I don’t remember the first time I was “ma’am’d”, but I suspect I was no older than thirty. And, even though I’m more than double that age, I’m still always a bit taken aback when someone calls me “ma’am.” Shouldn’t that honorific be reserved for, well, old ladies…

And then there came the event, just last weekend, when I do believe I officially became a little old lady. Make that a crazy little old lady.

Oh, there’ve been signs leading up to it. I’ve been channeling my mother, whistling under my breath, for a number of years now. (At such times, my sister Trish refers to me as “Ma.”)

But last Sunday, I did something so crazy old lady that I do believe I’ve officially crossed the line.

Here’s what happened.

I was heading out to the ‘burbs for the baby shower of a friend.

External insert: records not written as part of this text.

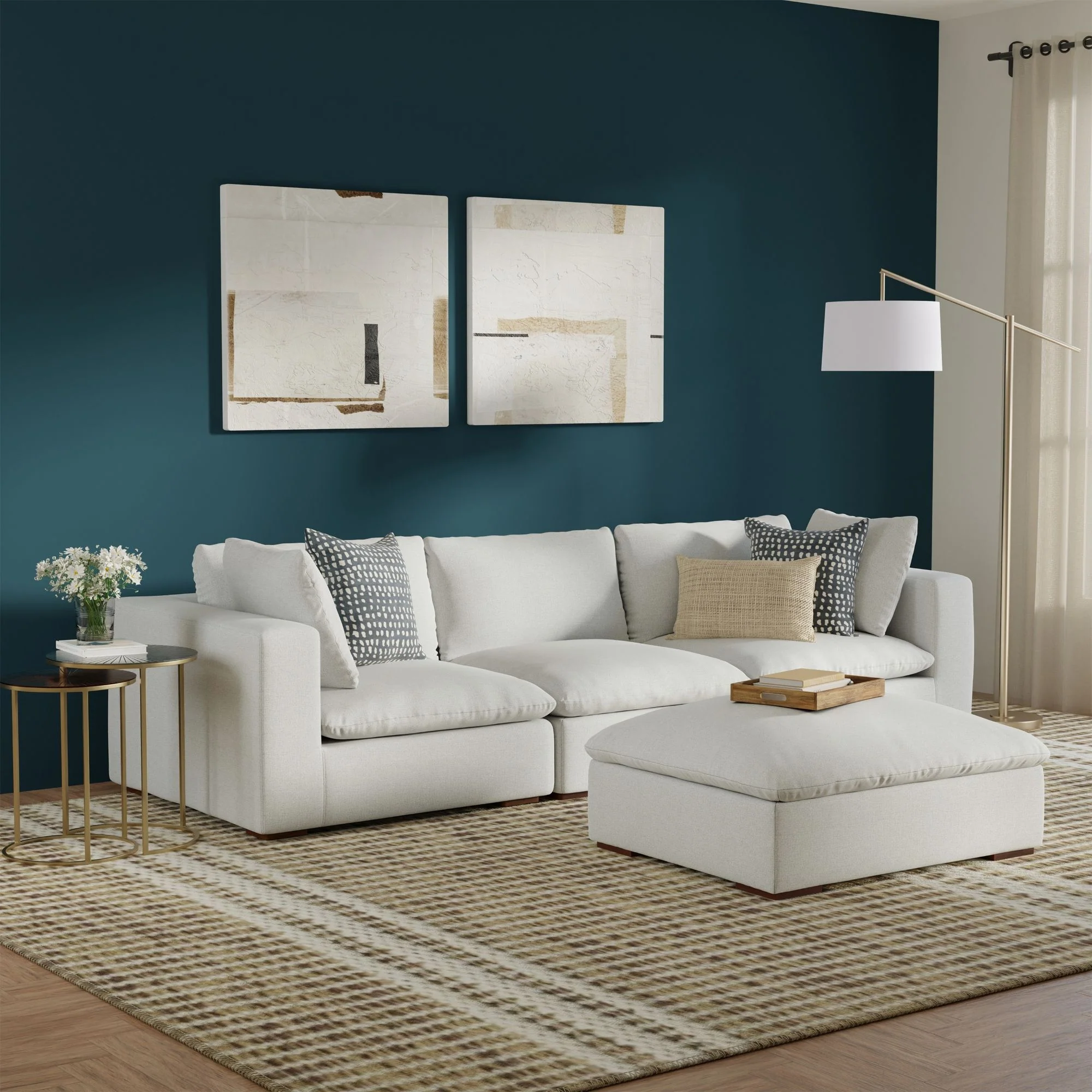 Jasmine - Handcrafted Sofa And Ottoman - Image 10
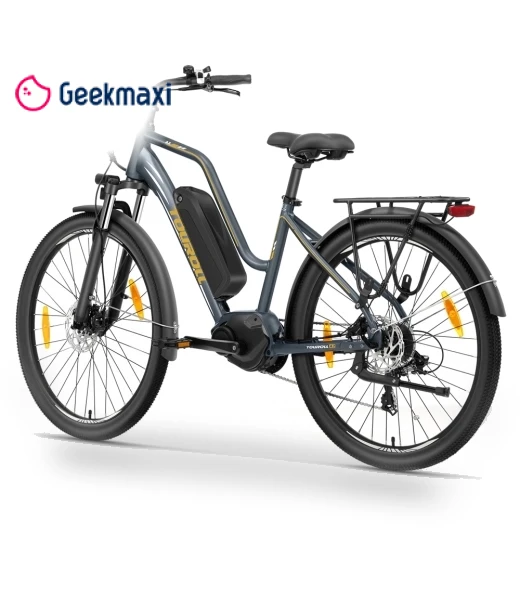 Electric Bike with Mid-Drive Motor — Electric Vehicles, Touroll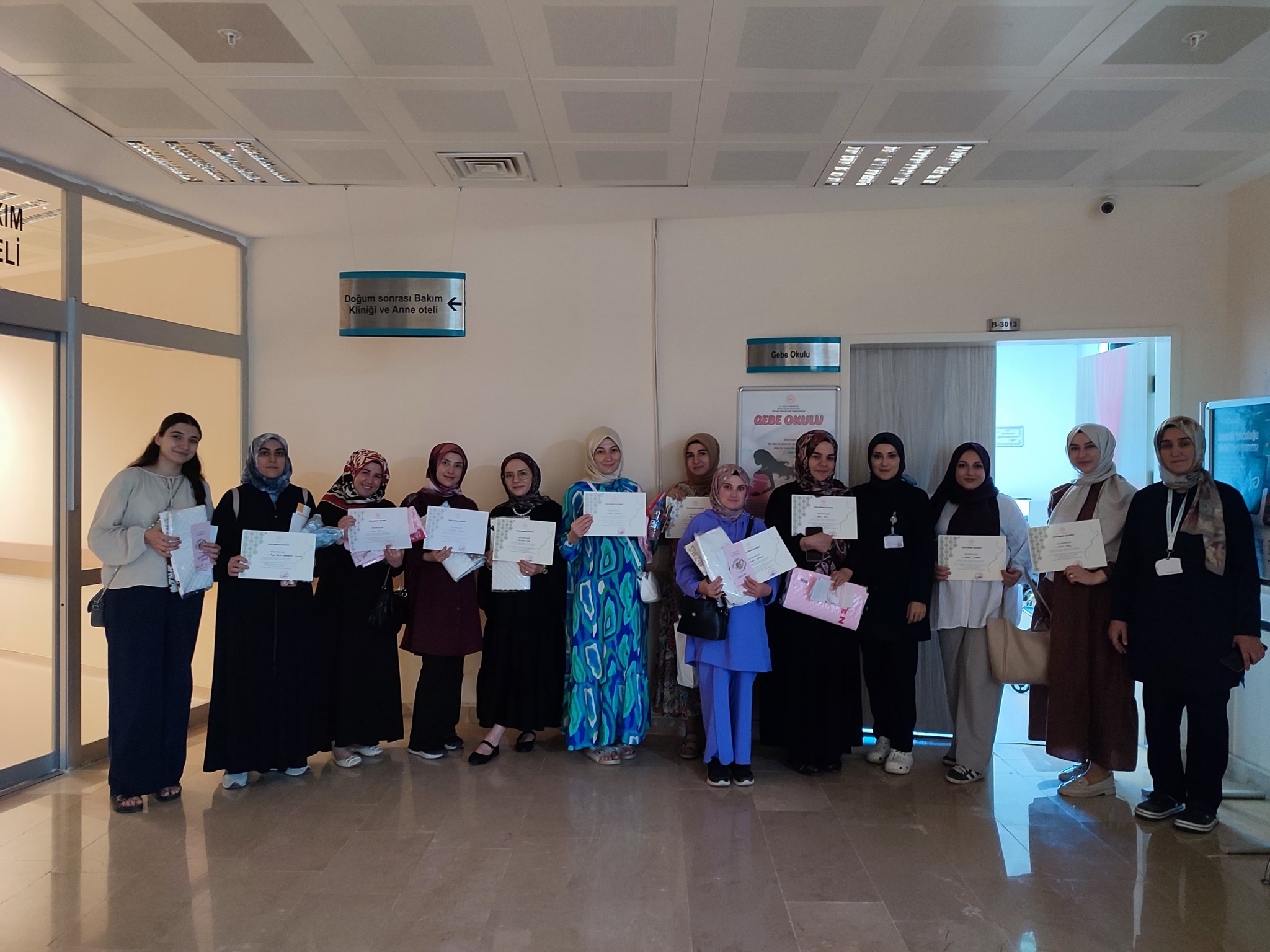 Sivaslı anne adayları sertifikalandı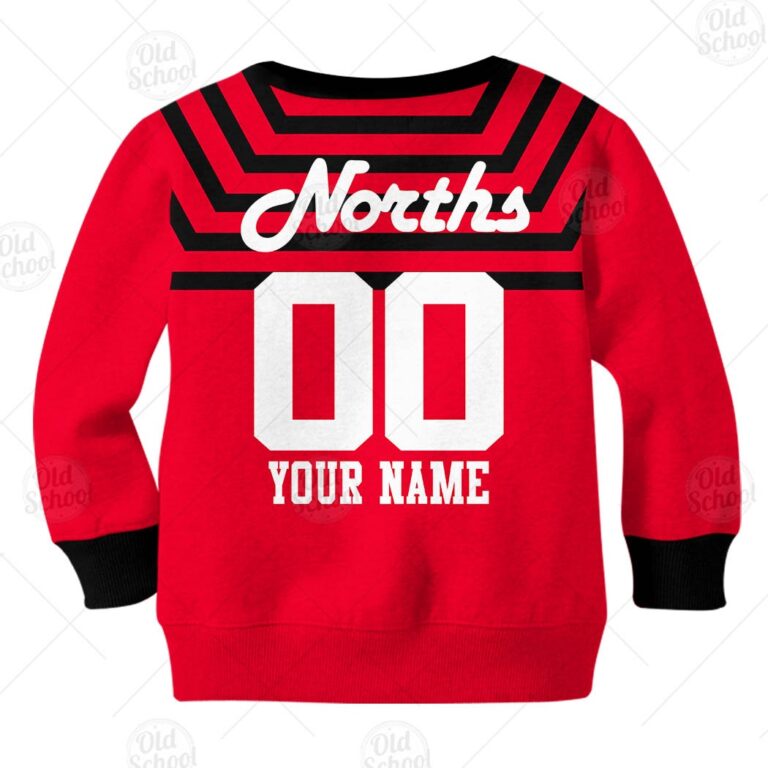 Personalize North Sydney Bears 1991 ARL/NRL Vintage Retro Jersey for Kids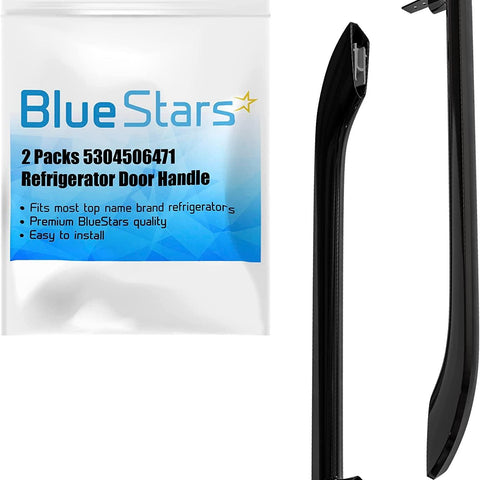 Bluestars 5304506471 Refrigerator Door Handle Replacement Part for Frigidaire Fridges - Replaces 5304504509 5304504510 5304510039 242059503 242059506 AP6036332 PS11770475 - Pack of 2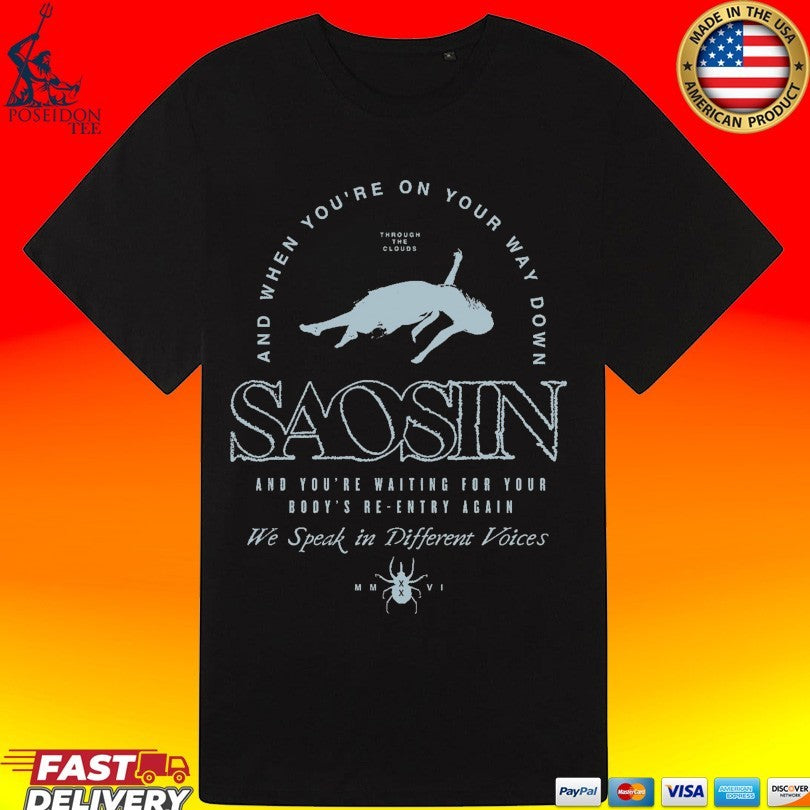 Saosin And When You’re On Your Way Down Sky Voices T-shirt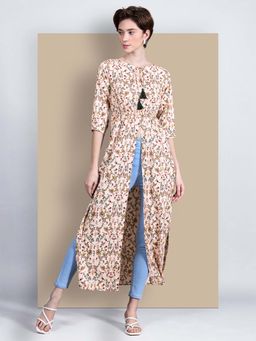 Miss Chase - Multi-Color Crepe Floral Tunic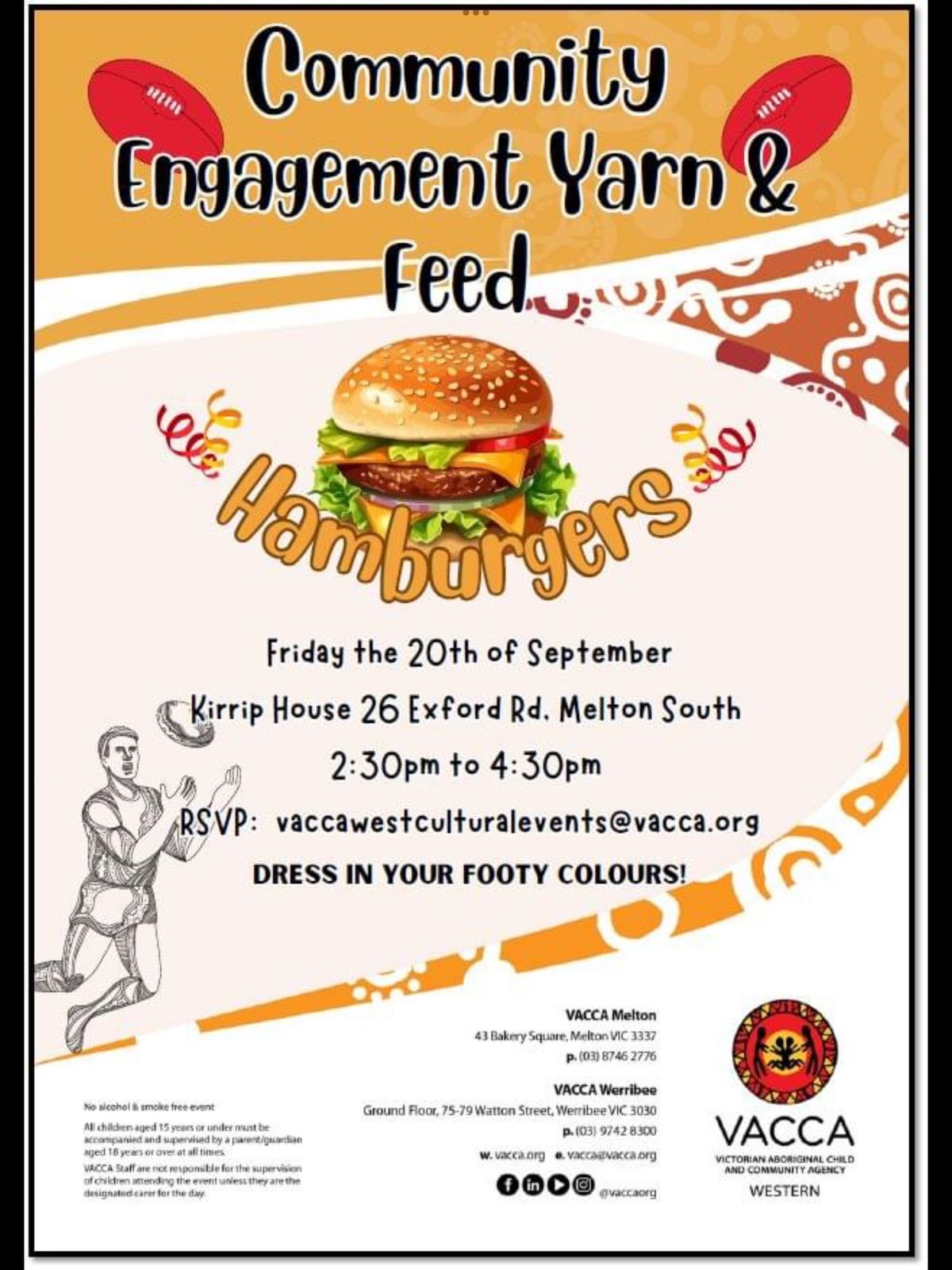 Community Feed & Yarn - come in your footy colours \ud83d\ude4c 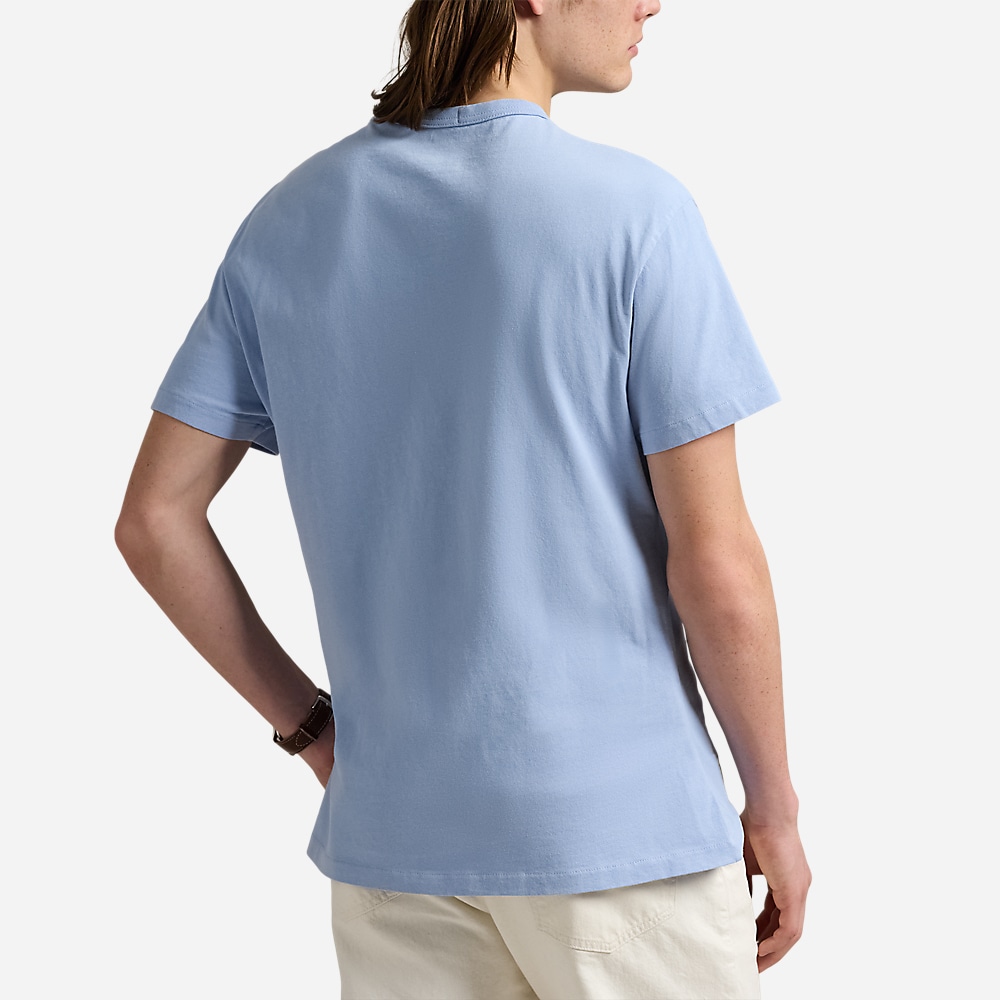Classic Fit Jersey Crewneck T-Shirt - Chambray Blue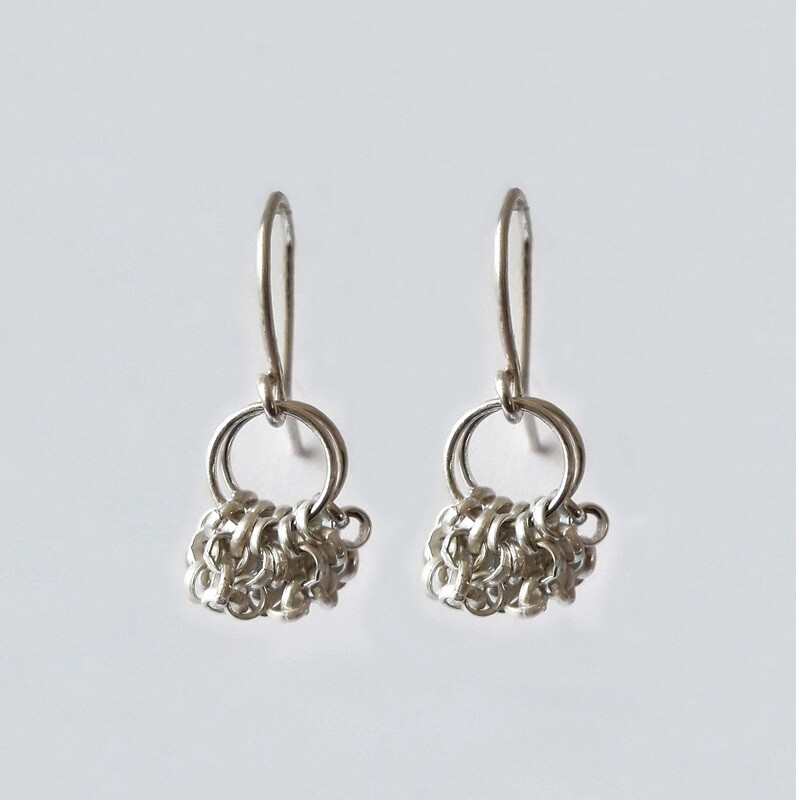 Boucles d&#39;oreilles CHAÎNE Argent 925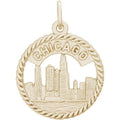 Illinois Chicago Skyline Engravable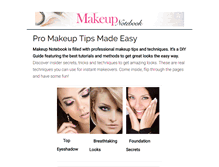 Tablet Screenshot of makeupnotebook.com
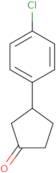 3-(4-Chlorophenyl)cyclopentan-1-one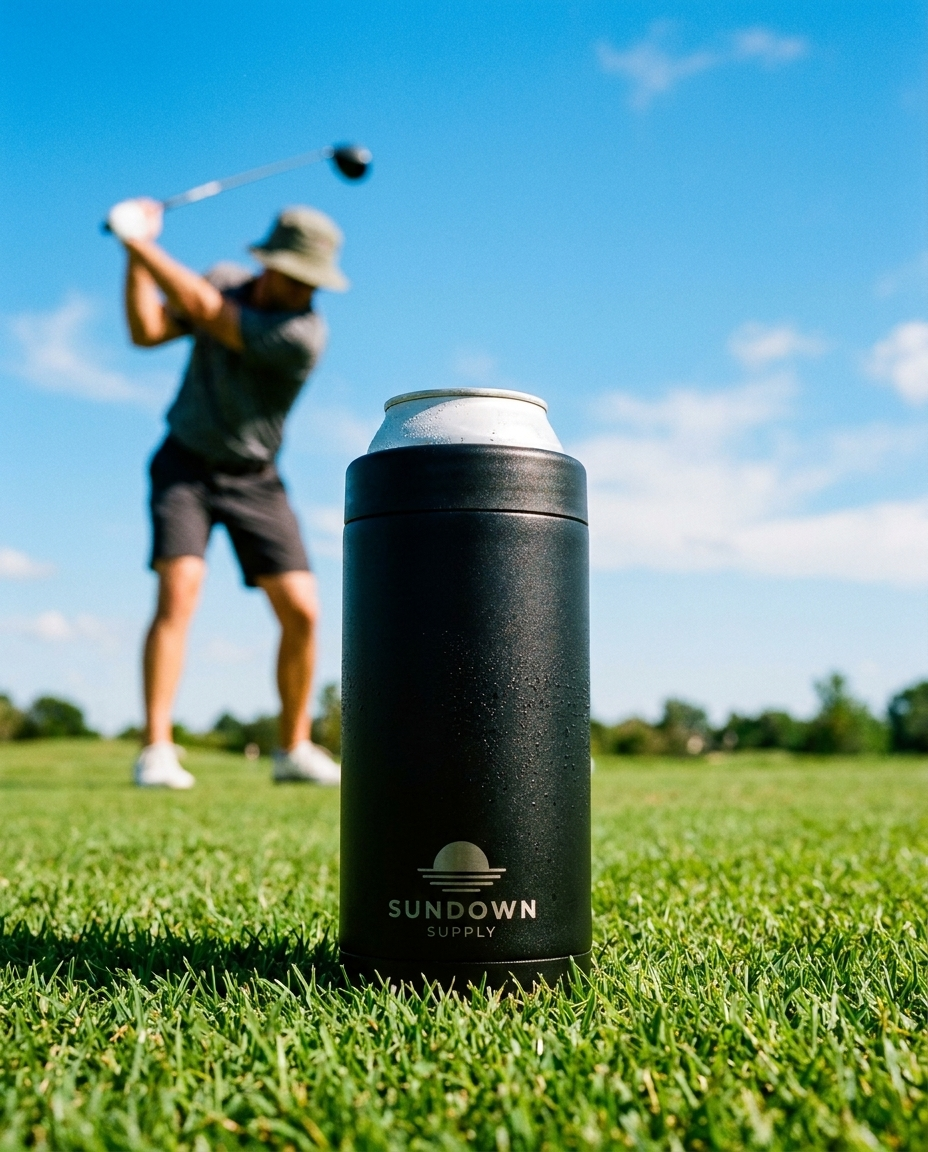 Sundown cooler on the golf course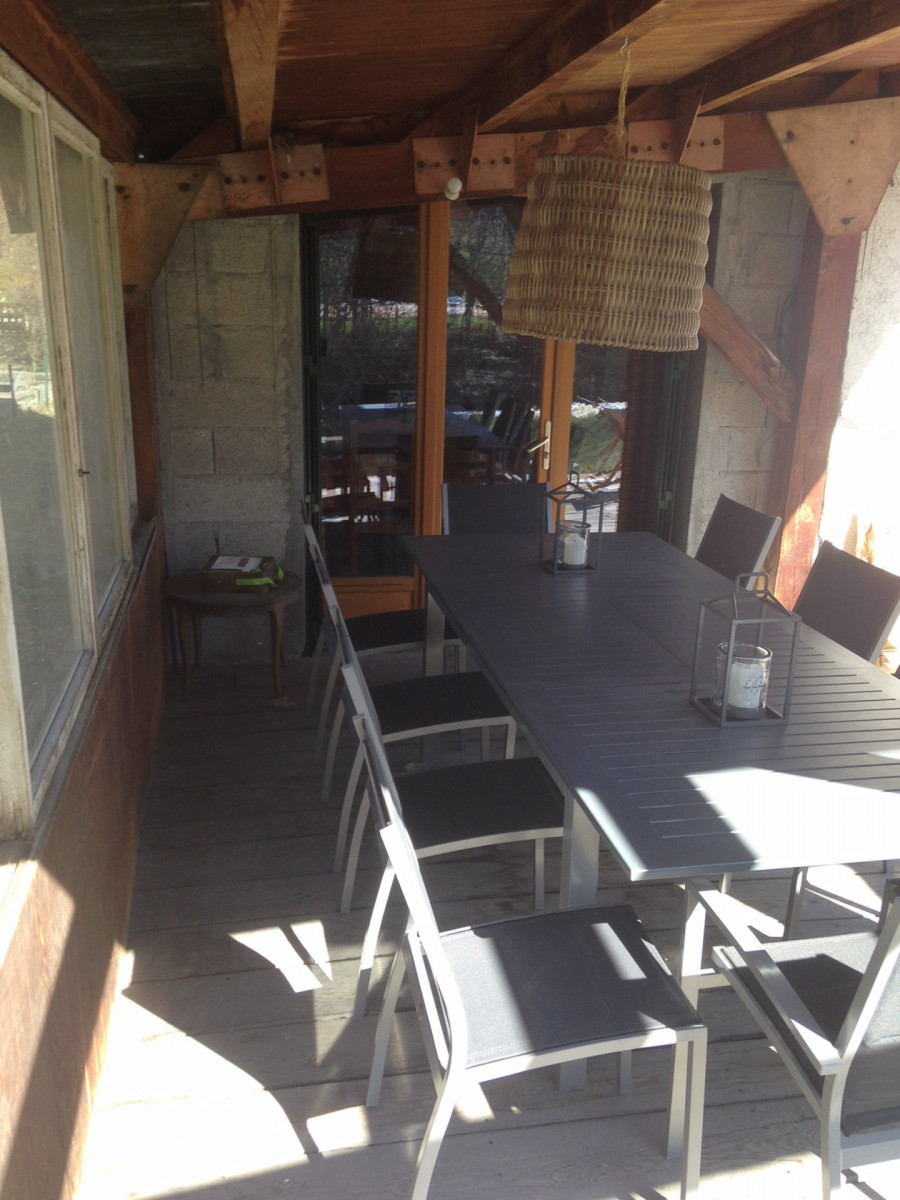 TERRASSE - CHALET L'ALPETTE - VALLOIRE TERRASSE - CHALET L'ALPETTE - VALLOIRE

This is a friend my husband and I met twenty years ago when Jim sat next to her on a flight from Shannon to Boston. Long story short, L decided to stay and we became friends with her, and with her family back in Ireland. She’s now a U.S. citizen, and she and her husband are expecting her first child. As her oldest friend in the States, I was delighted to be at the shower.

I’d been to her new home out in the burbs  – site of the shower – just once, and I had been a no-attention-paying passenger. (Her old house I knew how to get to.)

There was no GPS in my Zipcar. My ancient Blackberry doesn’t really navigate. And both printers in my house are broken. So I hand wrote the directions and hopped in my Zip.

Well, I may have skipped a step along the way. Or it may be the traditional Massachusetts problem, in which there are street signs on the side streets, but not on the main drags. In any case, I found myself tootling into Watertown, telling myself ‘hey, this is Watertown heading into Cambridge, not Waltham.’ And finding myself at the gates of Mt. Auburn Cemetery, which is where most of my husband’s ashes are at rest.

After a couple of gas station stops for directions, I did eventually find myself on the main street (a.k.a., Main Street) in Waltham. Well, this could have worked, except that I had no idea at this point which direction on Main Street I was headed in. And I couldn’t find the street I was looking for.

And then I saw the police car idling in the parking lot of yet another gas station.

So I pulled in and asked the officer for directions.

While the officer pulled up his online map, I went into a ramble about having to get to a shower. And having ended up at the gates of the cemetery where my husband is buried. And, by the way, on top of everything else, this would have been my wedding anniversary. (Not that we celebrated it, but still…) No doubt I threw in that, on the way to being lost, I drove by the funeral parlor where my cousin Charlie was waked, and the church where his funeral was held.

Officer John  – by now we were on a first name basis - started reeling off the directions. I laughingly asked him if he had a printer on board. He didn’t.

I thought I was being pretty funny about the whole thing, but I’m pretty sure that he was thinking, what a dizzy dame. (Or whatever young folks call dizzy dames these days. Maybe crazy old lady?)

As he watched me madly writing down the complex and convoluted directions, John shook his head and said, “You’re never going to find it.”

“Not unless you drive me there,”I joked.

“Okay,” he said. “Follow me.”

So I did, and after a complex and convoluted journey, I got to my street.

John stopped the patrol car. I got out of my Zip. And we hugged each other.

“Sorry about your husband,” he told me.

(Had I really played the old lady sympathy card that hard? Apparently so.)

Meanwhile, half the folks on this quiet residential street were looking out their windows to see what was going on.

One old white-haired grampy actually came out on his front steps and waved to me.

Maybe he was just welcoming me to the club.

1 comment:

Frederick Wright said...

What a wonderful way to end the week - but it says less about any purported 'crazy old lady' tendencies and more about life in the commonwealth. With our unnamed streets, convoluted directions, and voluble cops.